En Afrique, Macron regarde la France en face
Emmanuel Macron en visite dans une école de Ouagadougou au Burkina-Faso, novembre 2017. SIPA. 00833829_000021

En visite au Burkina-Faso, Emmanuel Macron a parfois eu de faux airs du personnage OSS 117 ou de Francis Kuntz en goguette dans les restes du monde. C’est, du moins, ce que pourrait laisser penser une analyse superficielle, se limitant à l’examen de quelques extraits de l’intervention du président face aux étudiants de l’Université de Ouagadougou. Extraits diffusés et calibrés par les médias français. Par moments, Emmanuel Macron paraissait même marcher dans les pas de Bernard Lugan qui recommandait dans un de ses ouvrages les plus récents d’« oser dire la vérité à l’Afrique ». Car, oui, le langage tenu par Emmanuel Macron face à une jeunesse burkinabaise, toujours inspirée par le caractère héroïque de feu Thomas Sankara, avait des accents de sincérité. Peu enclin aux « pudeurs de gazelle », l’actuel locataire de l’Elysée s’emploie en effet à briser méthodiquement certains tabous contemporains.

Papa où t’es? Plus là!

Emmanuel Macron a, par exemple, affirmé sans détours que les Africains ne pouvaient qu’applaudir l’armée française qui protège le continent, après qu’une étudiante lui ai fait remarquer que le nombre de soldats français présents au Sahel était plus important que le nombre de visas étudiants accordés aux jeunes africains. Un discours franc, assumant le rôle important joué par la France pour garantir la stabilité d’un continent en proie à des conflits ethniques et religieux, particulièrement au Sahel où nos forces militaires accomplissent une mission aussi difficile que nécessaire. Achever le paternalisme français en Afrique consiste d’abord à responsabiliser les Africains eux-mêmes, à leur faire prendre conscience qu’ils sont les garants de leur future prospérité.

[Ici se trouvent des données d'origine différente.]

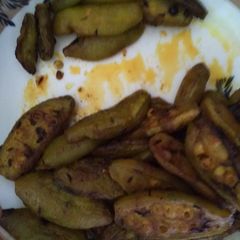 A picture of Potol bhaja(pointed gourd fry).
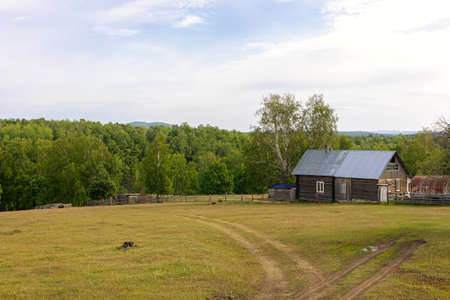 poor old cottage with stable. Farm rural landscape in summer.
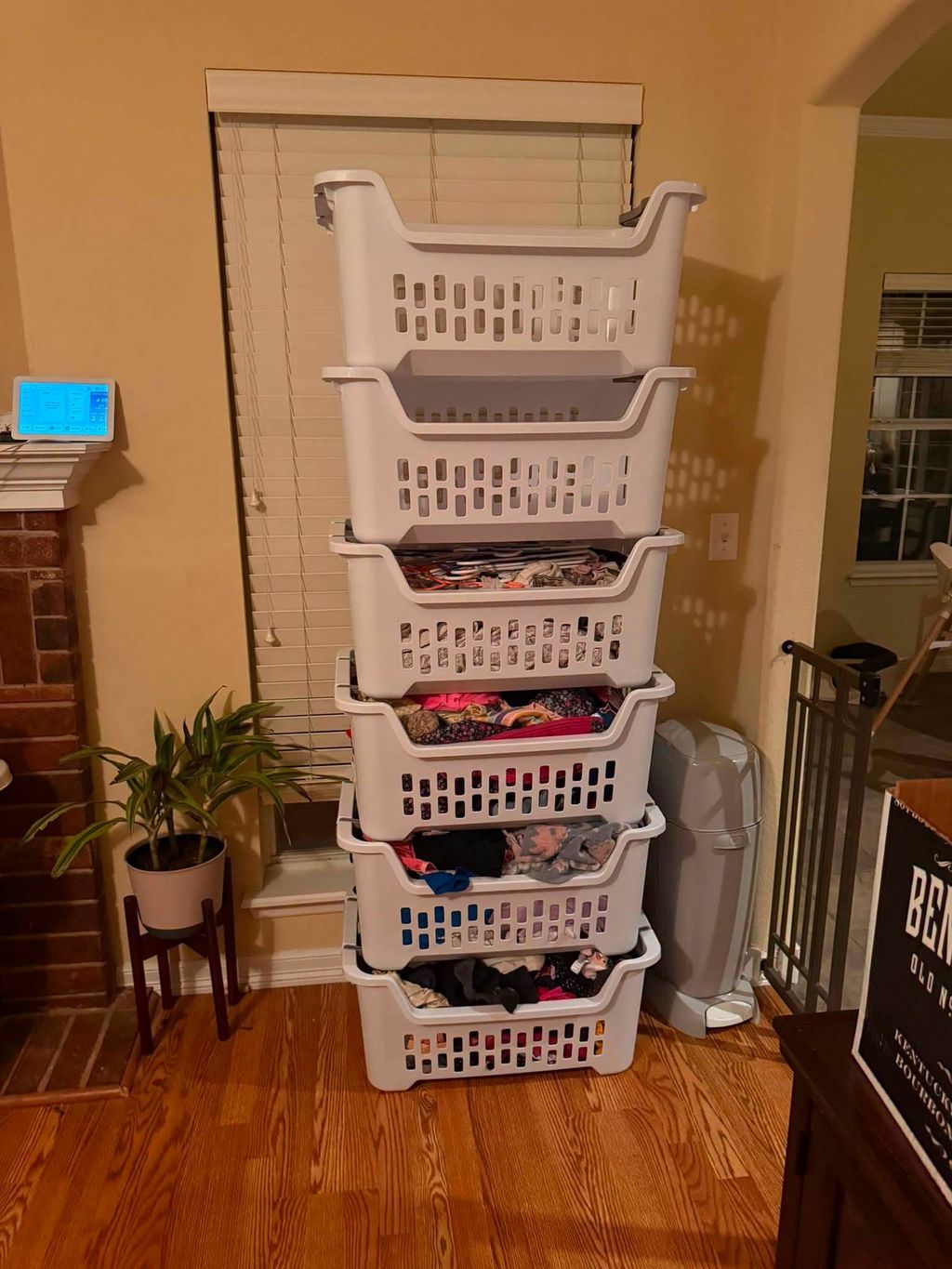Stacked laundry baskets sorted and lined up along a wall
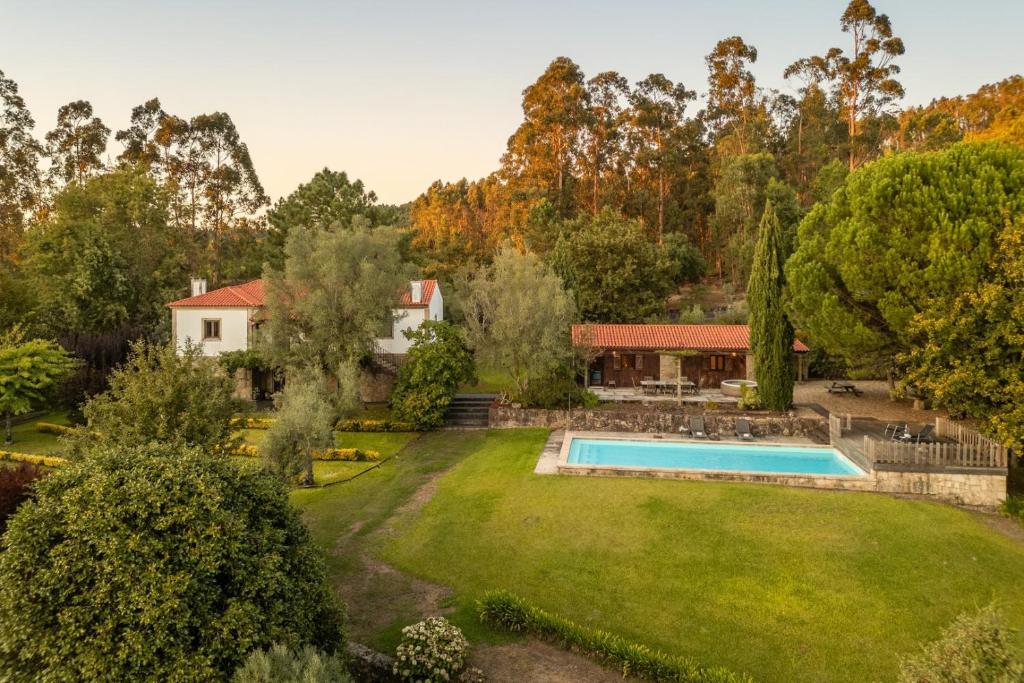 an aerial view of a yard with a swimming pool at Portugal Active São Julião Retreat | Pool, Jacuzzi & Garden Escape in Mato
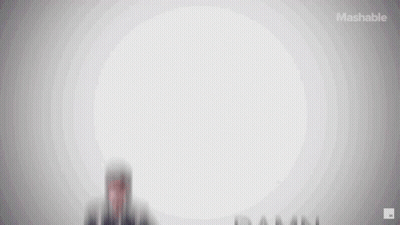 Man In Plaid Shirt In Front Of Mashable Ad GIF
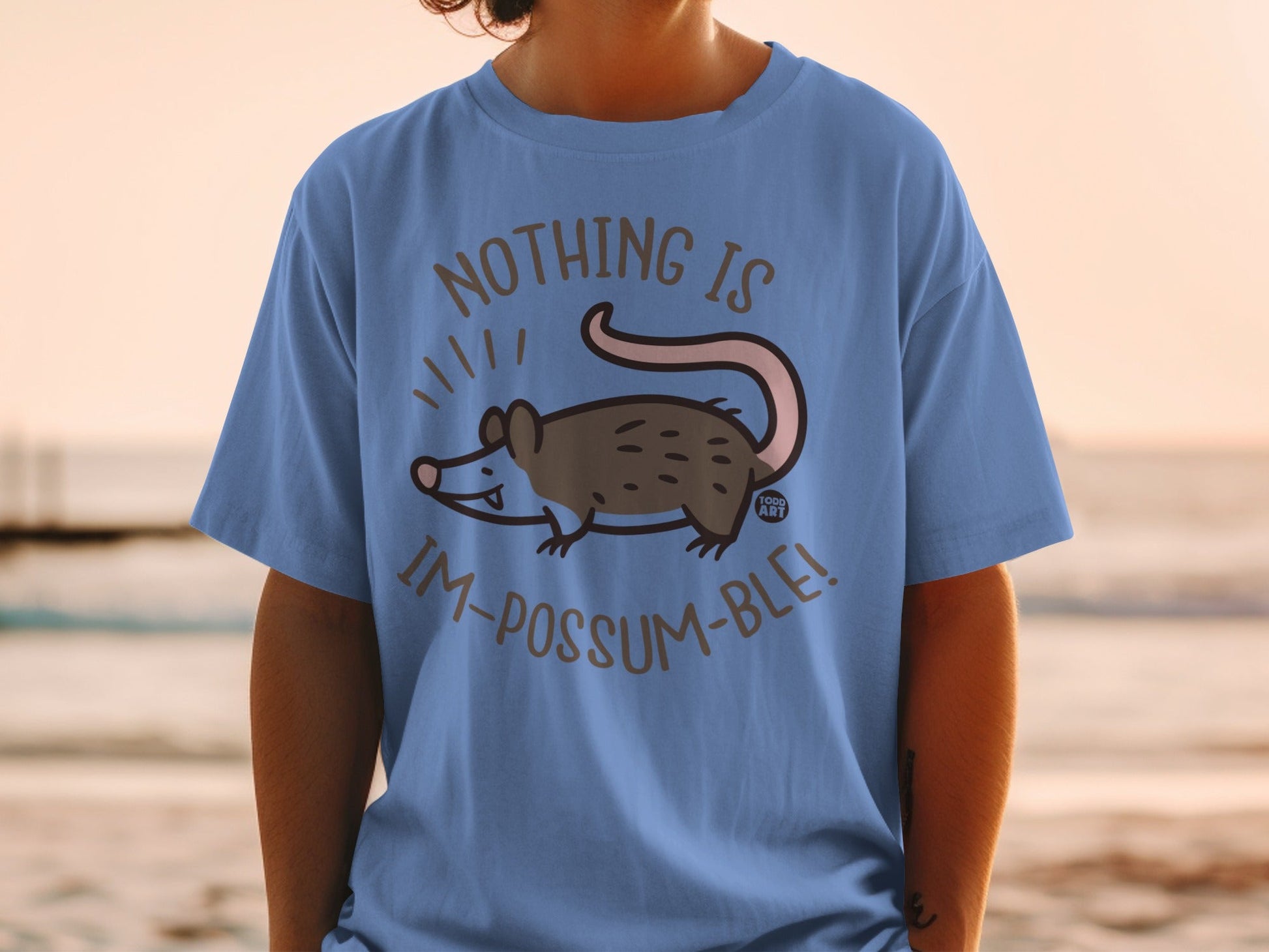 Blue t-shirt with a cartoon possum and text: Nothing is Im-possum-ble!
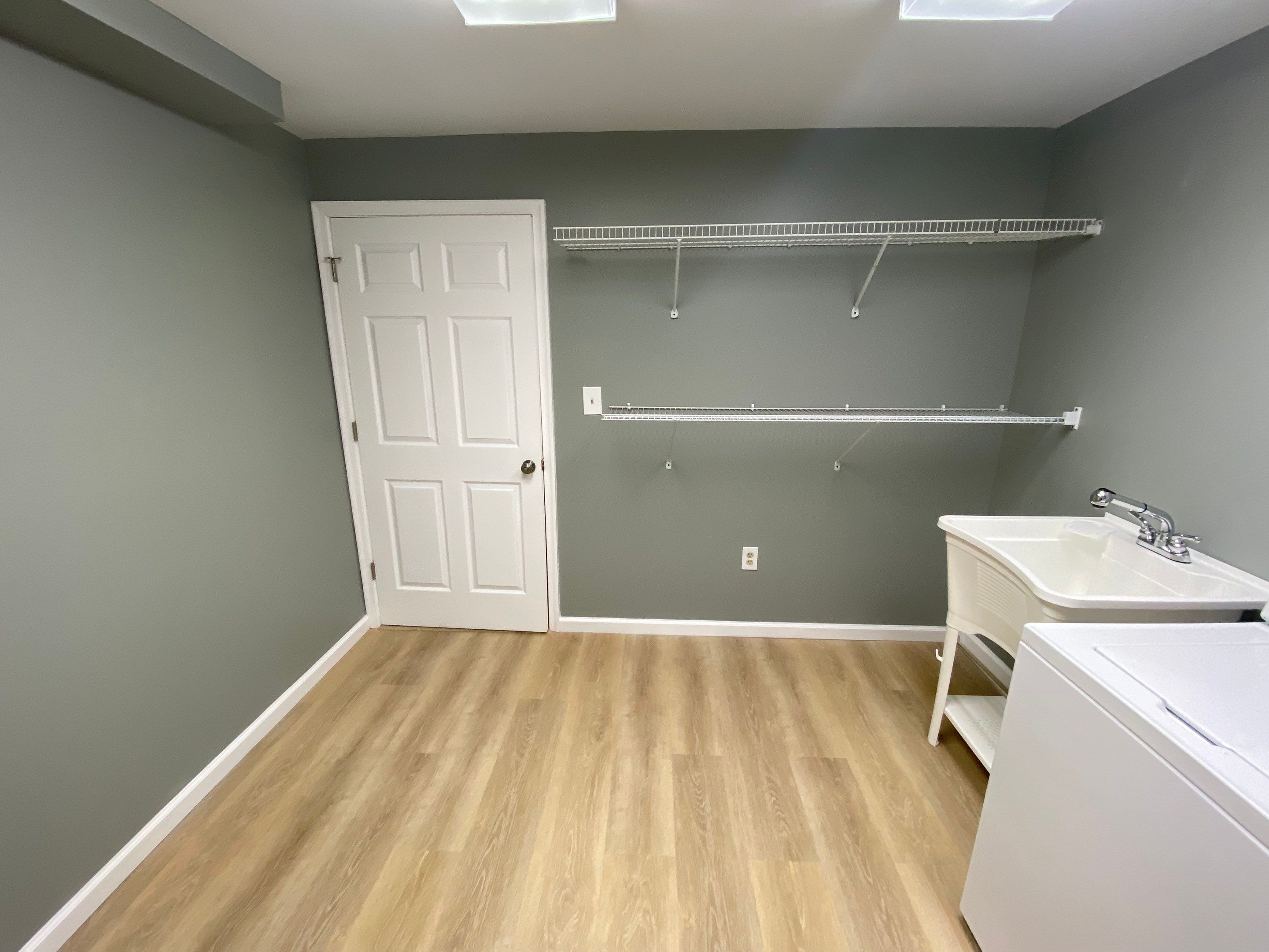 Laundry Room Redmodel using Lifeproof Luxury Vinyl Plank Flooring by The Smet Companies, LLC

Du reste, les étudiants de Ouagadougou semblent avoir été beaucoup moins heurtés par le discours présidentiel que certains commentateurs hexagonaux, prompts à transformer des anecdotes qui pourraient prêter à sourire en « incidents diplomatiques » majeurs. Il en fallait du cran pour affirmer que le principal problème du continent noir est sa démographie devant des jeunes exaltés, probablement rompus à ce prêt-à-penser post colonial voulant que l’Occident patriarcal soit le coupable ontologique des maux que subit le monde. Déjà, en juillet dernier, Emmanuel Macron avait jeté le trouble en expliquant que le fait que des femmes africaines puissent avoir « 7 à 8 enfants par femmes » était un problème d’ordre civilisationnel. À Ouagadougou, la forme a changé mais pas le fond :

« Quand vous voyez des familles de 6, 7, 8 enfants par femme, êtes-vous sûrs que cela soit le choix de la jeune fille ? Je veux qu’en Afrique, partout, une jeune fille puisse avoir le choix. (…) C’est une conviction profonde qui m’a poussé à faire de l’égalité femme-homme une grande cause de mon mandat. La démographie peut être une chance mais à condition que chaque femme puisse choisir son destin »

Emmanuel « Trump » Macron

De quoi rhabiller du rose bonbon féministe une thématique longtemps monopolisée par la droite européenne. Mais qui pourra nier le bienfondé d’une telle phrase ? Estimée à 140 millions d’habitants en 1900, la population africaine a atteint le milliard en 2010. Selon le scénario moyen des Nations unies, le continent comptera 2,5 milliards d’êtres humains en 2050 et près de 4 milliards en 2100. À ce moment-là, la terre sera peuplée par un tiers d’Africains, ultra-majoritairement sub-sahariens. Une démographie « suicidaire » qui s’additionne à des infrastructures déficientes et une vie économique réduite au strict minimum, bien souvent de pure subsistance. Des chiffres qui donnent le tournis et devraient nous conduire à agir. Que le président Macron en soit lui aussi convaincu ne pourra que nous réjouir. Du reste, quiconque s’aventure sur le terrain de la crise migratoire sans partir du problème démographique est un sophiste ou un incompétent.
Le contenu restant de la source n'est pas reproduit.